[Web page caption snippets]
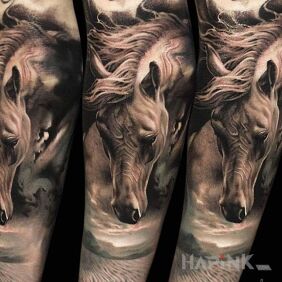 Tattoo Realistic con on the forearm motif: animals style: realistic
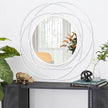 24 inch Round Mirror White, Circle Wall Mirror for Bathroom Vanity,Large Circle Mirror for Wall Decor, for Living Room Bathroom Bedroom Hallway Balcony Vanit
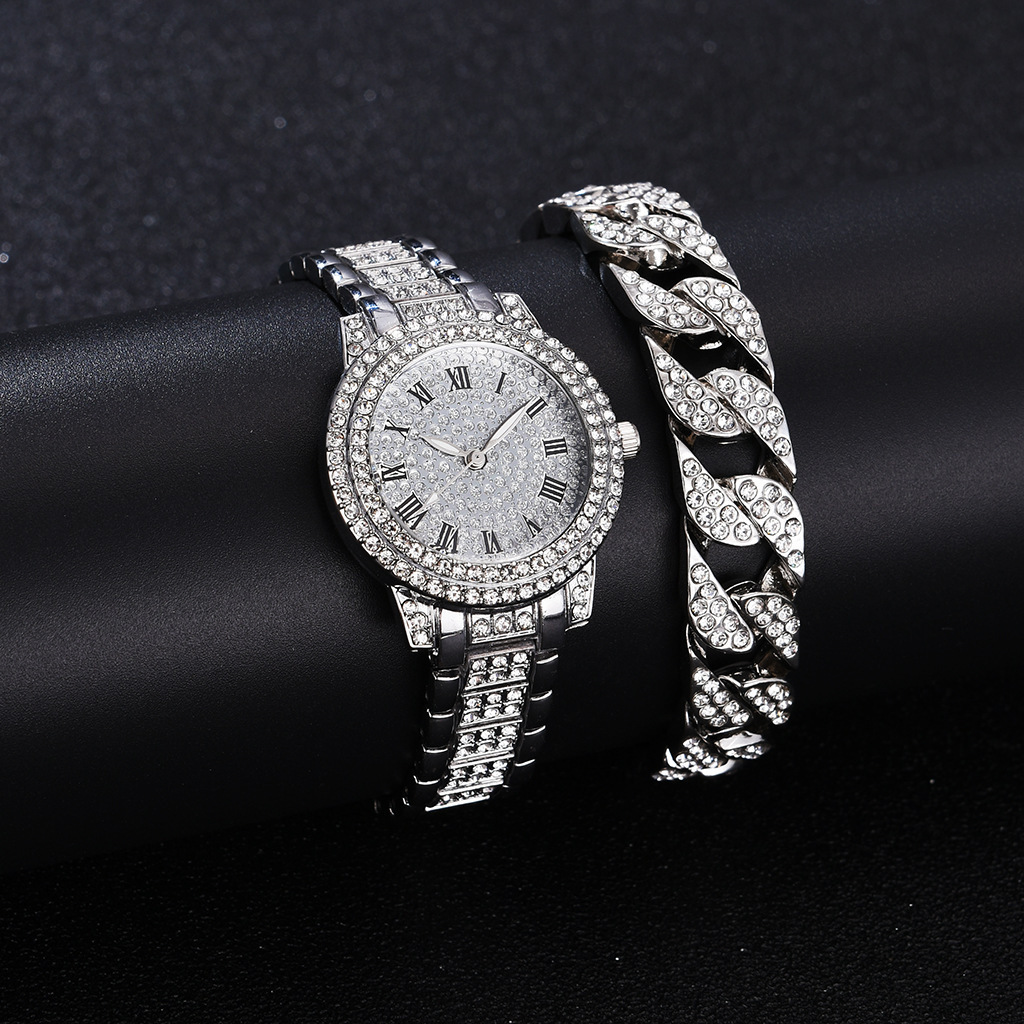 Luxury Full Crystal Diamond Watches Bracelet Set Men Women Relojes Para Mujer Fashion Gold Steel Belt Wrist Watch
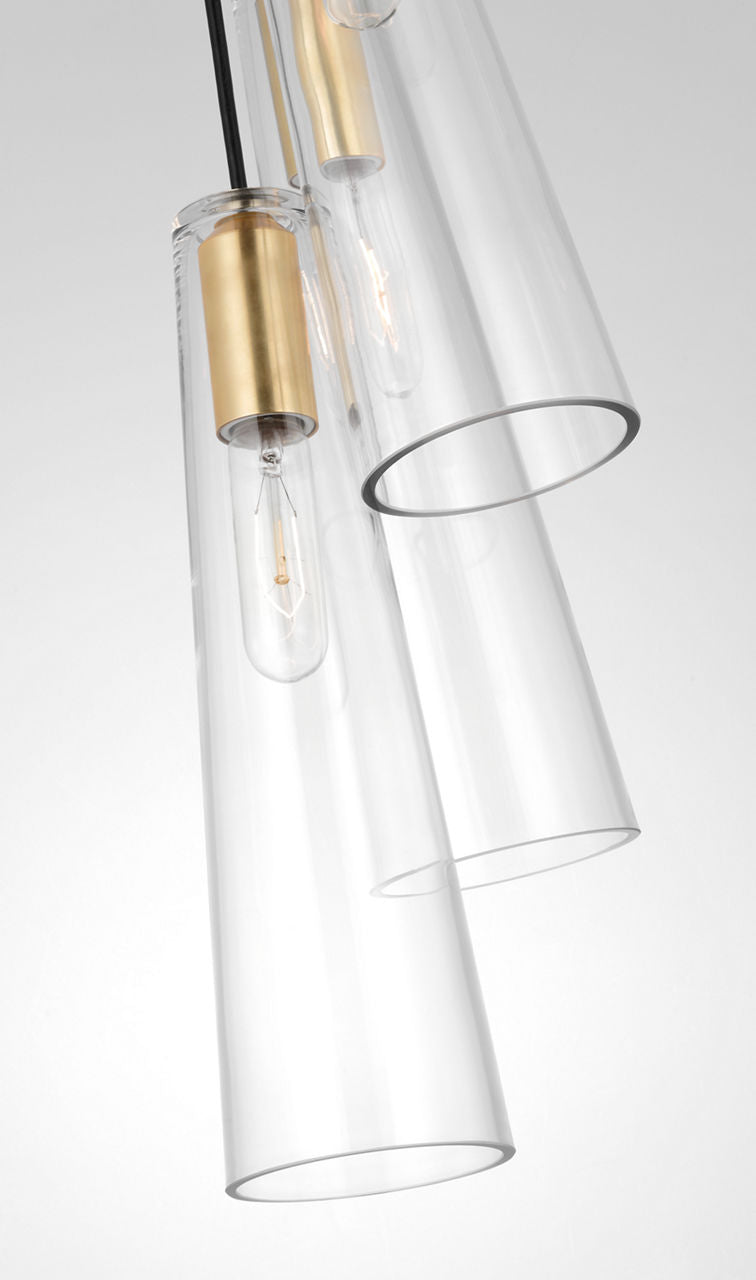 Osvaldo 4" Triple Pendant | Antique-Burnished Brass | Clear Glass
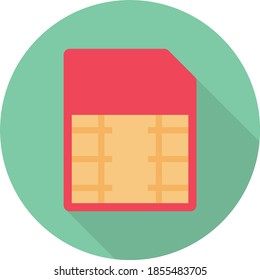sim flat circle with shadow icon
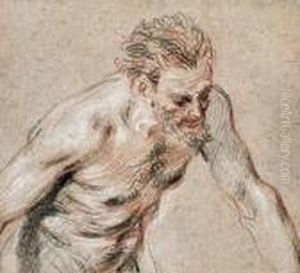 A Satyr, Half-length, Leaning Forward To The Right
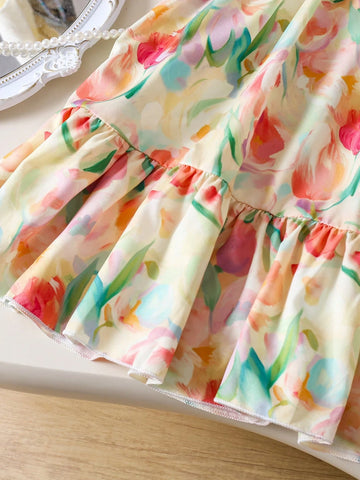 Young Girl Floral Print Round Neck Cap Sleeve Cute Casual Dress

- PROBLEM REQUIREMENTS
Return every record exactly, minus the pictures.

- SOLVED PROBLEM
 Tattoo Realistic con on the forearm motif: animals style: realistic
 24 inch Round Mirror White, Circle Wall Mirror for Bathroom Vanity,Large Circle Mirror for Wall Decor, for Living Room Bathroom Bedroom Hallway Balcony Vanit
 Luxury Full Crystal Diamond Watches Bracelet Set Men Women Relojes Para Mujer Fashion Gold Steel Belt Wrist Watch
 Osvaldo 4" Triple Pendant | Antique-Burnished Brass | Clear Glass
sim flat circle with shadow icon
 A Satyr, Half-length, Leaning Forward To The Right
 Young Girl Floral Print Round Neck Cap Sleeve Cute Casual Dress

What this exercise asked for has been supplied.